Expression-vector construction

The genes used in this study are available from the RZPD full-ORF clone collection. Entry clones containing the genes of interest were generated by utilising the Gateway® Cloning technology (Invitrogen). All entry clones were fully sequenced in order to verify the insert within pDONR201. From the entry clone, the ORF was sub-cloned to a Gateway® destination vector (pDEST17-D18, a modification of pDEST17, Invitrogen) creating an expression clone (LR reaction), which was then transformed into DH10B bacteria. Plasmid DNA of individual clones was used for transformation of BL21 (DE3) pLysS bacteria and for protein expression in vivo as well as for protein expression in the cell-free E. coli system. The pDEST17-D18 destination vector was used to express selected recombinant proteins controlled by the T7 promoter with an N-terminal 6xHis-tag. Identical constructs were used for protein expression in E. coli as well as for expressions in the cell-free E. coli system. All DNA preparations were carried out by a Qiagen Biorobot 9600 using Qiawell 96 Ultra Plasmid Kits (Qiagen).

In vivo protein expression using E. coli bacteria

Competent BL21 (DE3) pLysS (Novagen) bacteria were transformed with plasmid DNA (pDEST17-D18 containing the gene of interest). The generated expression clones were cultured overnight, diluted 1:50 to a final volume of 3 ml, and incubated in 24-well plates at 30°C or 3.5 h (until the OD600 was 0,4–0,6). Expression was induced with 1 mM IPTG and bacteria cultured for a further 3,5 h at 30°C. Cells were harvested by centrifugation. A 5 μl aliquot of cell-pellet was removed and added to 45 μl of SDS sample buffer. 10 μl of the sample were then loaded onto a gel for western blotting analysis. An aliquot of the original sample was also saved for analysis of protein solubility.

In vitro protein expression (E. coli) using vector DNA

In vitro protein expression was carried out using pDEST17-D18 plasmid DNA containing the ORF of interest. A cell-free batch expression system (RTS 100 E. coli HY kit, Roche Diagnostics) was utilised and 50 μl reactions were prepared according to the manufacturer's instructions. In brief, the samples were incubated at 30°C for 4 hours in a thermal cycler. Green fluorescent protein was expressed as control protein. Following incubation, a 5 μl aliquot was removed and added to 45 μl of SDS sample buffer. 10 μl of sample were then loaded onto a gel for Western blotting analysis. An aliquot of the original sample was also saved for analysis of protein solubility.

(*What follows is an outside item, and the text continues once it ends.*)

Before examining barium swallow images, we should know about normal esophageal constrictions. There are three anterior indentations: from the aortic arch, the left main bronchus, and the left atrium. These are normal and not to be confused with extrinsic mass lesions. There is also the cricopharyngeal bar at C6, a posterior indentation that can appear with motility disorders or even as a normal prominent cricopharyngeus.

In vitro protein expression (E. coli) using optimised linear PCR products

Three PCR products were created for each ORF, a C-terminal wild type, a C-terminal mutant and a N-terminal wild type product (Figure 2). Sequence-verified templates were applied for the amplification of PCR products with the Linear Template Generation Set (LTGS, Roche Diagnostics). For the C-terminal mutant template, silent mutations as proposed by ProteoExpert were introduced at the N-terminus of the sequence. PCR was performed using partially matching primers along the first 15 to 20 nucleotides of each ORF. One gene-specific sense primer containing silent mutations, one gene-specific anti-sense and one wild type primer were used to produce the first PCR product. Different primers were applied depending on whether a C- or a N-terminal 6xHis-tag was desired. The PCR products were checked on agarose gels, and the second amplification step was carried out according to the supplier's instructions. As positive control protein, green fluorescent protein was expressed. Prior to in vitro expression, all products were verified for correct size and purity. In vitro expression was carried out according to instructions and SDS samples prepared.

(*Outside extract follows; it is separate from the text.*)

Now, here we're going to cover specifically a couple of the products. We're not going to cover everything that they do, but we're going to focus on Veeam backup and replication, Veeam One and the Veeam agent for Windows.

In vitro protein expression (wheat germ) using linear PCR products

Specific PCR products were generated to achieve translation in wheat germ lysate. The first wild type PCR product generated for optimisation in the E. coli in vitro system was utilised to produce a second PCR product for the wheat germ system. Linear templates with a T7 promoter and a Kozak sequence were generated for protein expression in wheat germ lysate. In contrast to PCR products created for the E. coli in vitro system, these products did not contain silent mutations. The first PCR products were made using gene-specific primer pairs and the second amplification step was carried out by the RTS Wheat Germ LTGS kit (Roche Diagnostics) according to instructions. The PCR products were again checked for correct size and purity. Proteins were expressed using the RTS 100 Wheat Germ CECF kit (Roche Diagnostics, positive control: glucuronidase) and contained either a C- or an N-terminal 6xHis-tag. Samples (50 μl) were incubated at 24°C, 900 rpm for 24 h (ProteoMaster Instrument, Roche Diagnostics), SDS samples prepared for western blotting and an aliquot saved for analysis of protein solubility.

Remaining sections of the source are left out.